* [WHAT THIS TASK INVOLVES]:
Copy the entries word for word. Keep the pictures out.

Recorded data
──────────
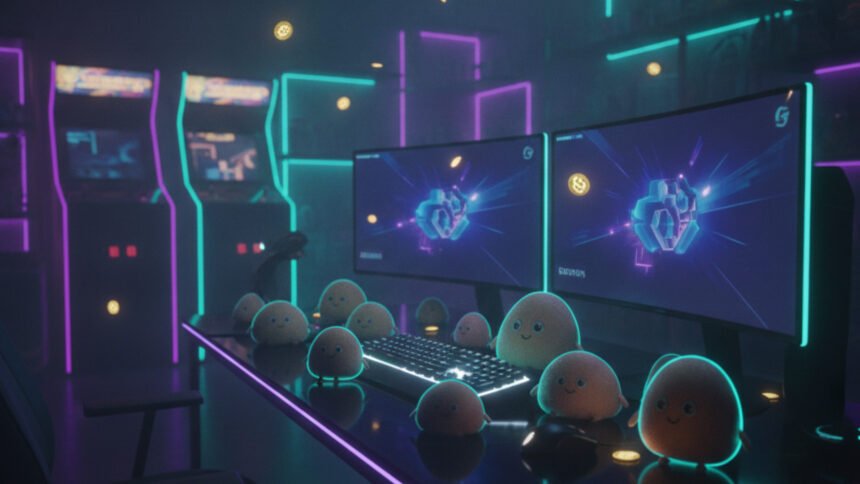 Khuga Bash opens $5,000 Potatoz Invasion event in Memeland crossover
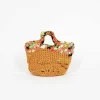 Crochet Bag Camel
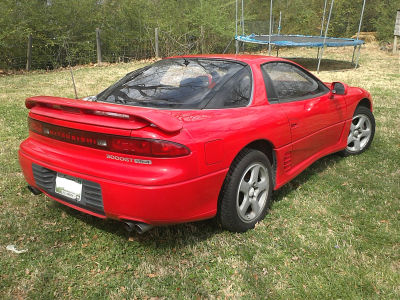1994 Mitsubishi 3000GT  VR-4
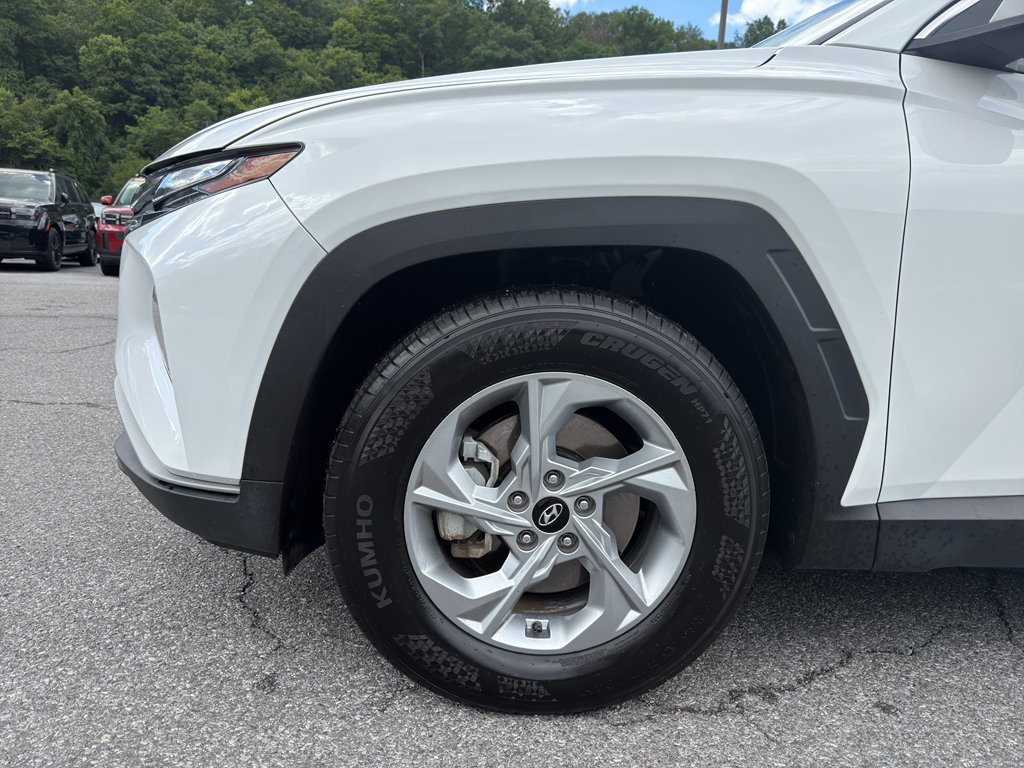 Used 2022 Hyundai Tucson SUV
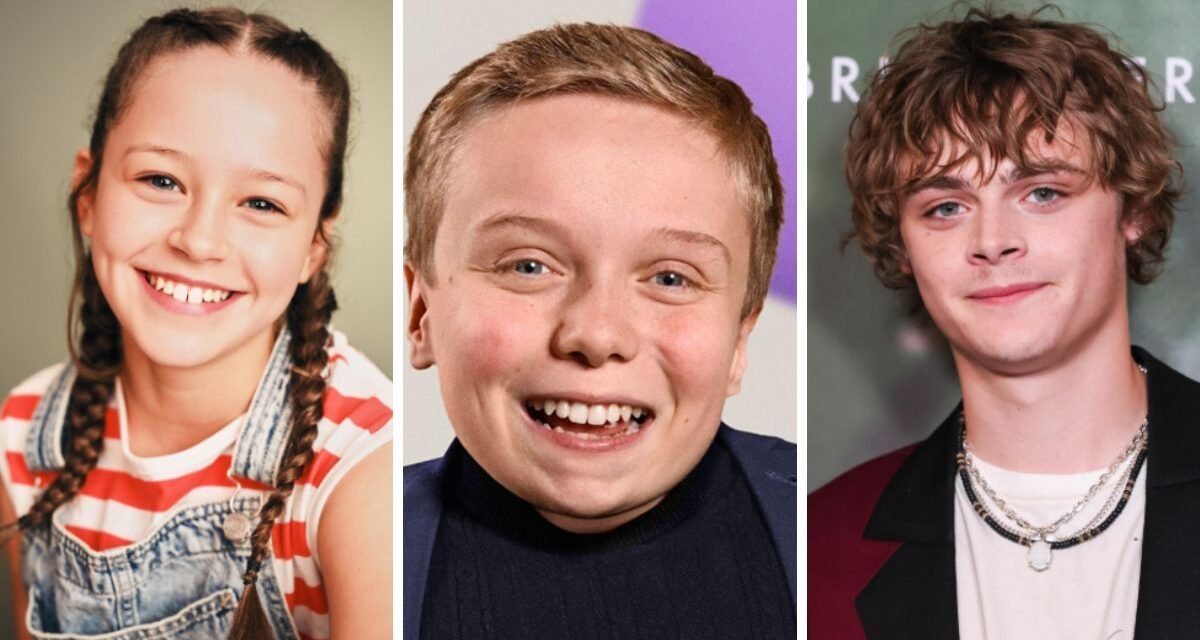 “Harry Potter” escala nova Gina Weasley, Dobby e Tom Riddle para 2ª temporada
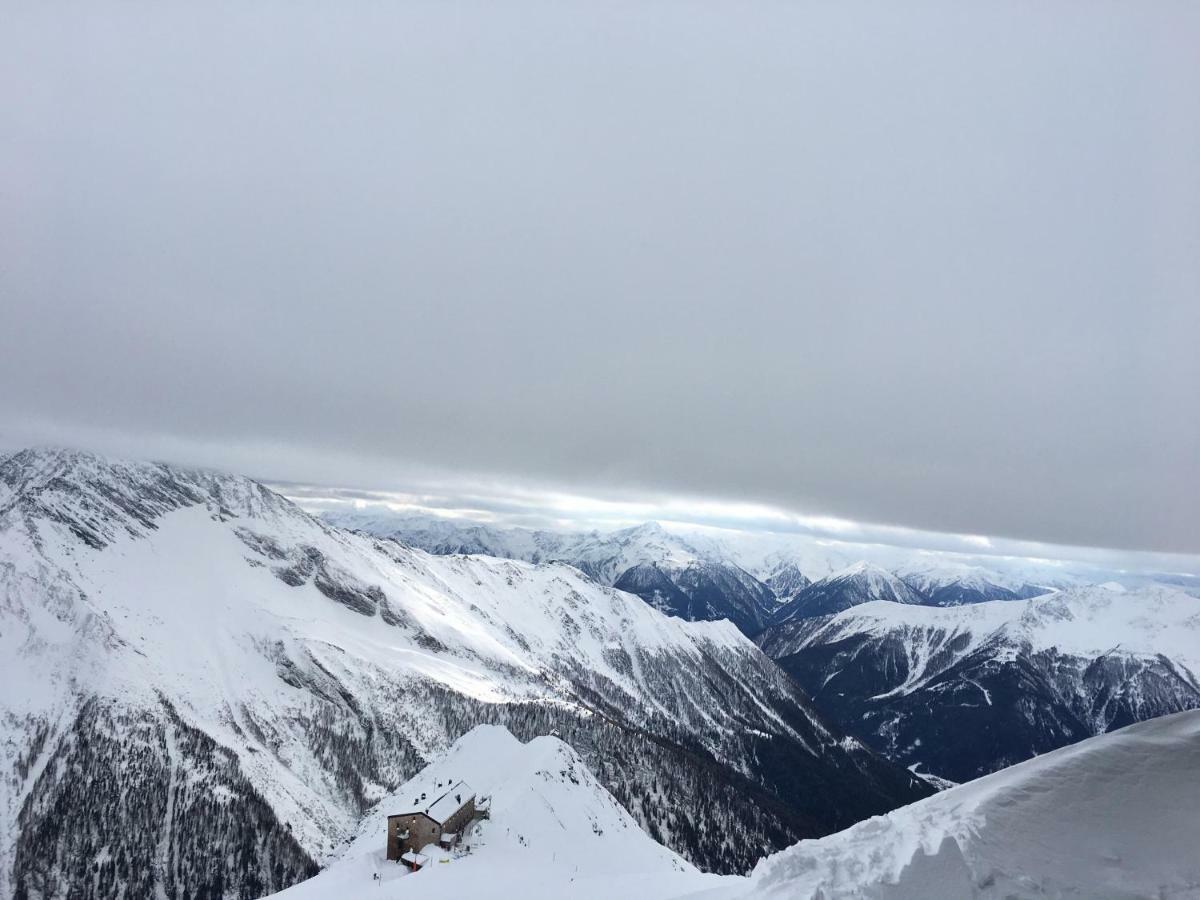 Das Alpenloft Мальниц Экстерьер фото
──────────
* [ANSWER TO THIS TASK]:
 Khuga Bash opens $5,000 Potatoz Invasion event in Memeland crossover
 Crochet Bag Camel
1994 Mitsubishi 3000GT  VR-4
 Used 2022 Hyundai Tucson SUV
 “Harry Potter” escala nova Gina Weasley, Dobby e Tom Riddle para 2ª temporada
 Das Alpenloft Мальниц Экстерьер фото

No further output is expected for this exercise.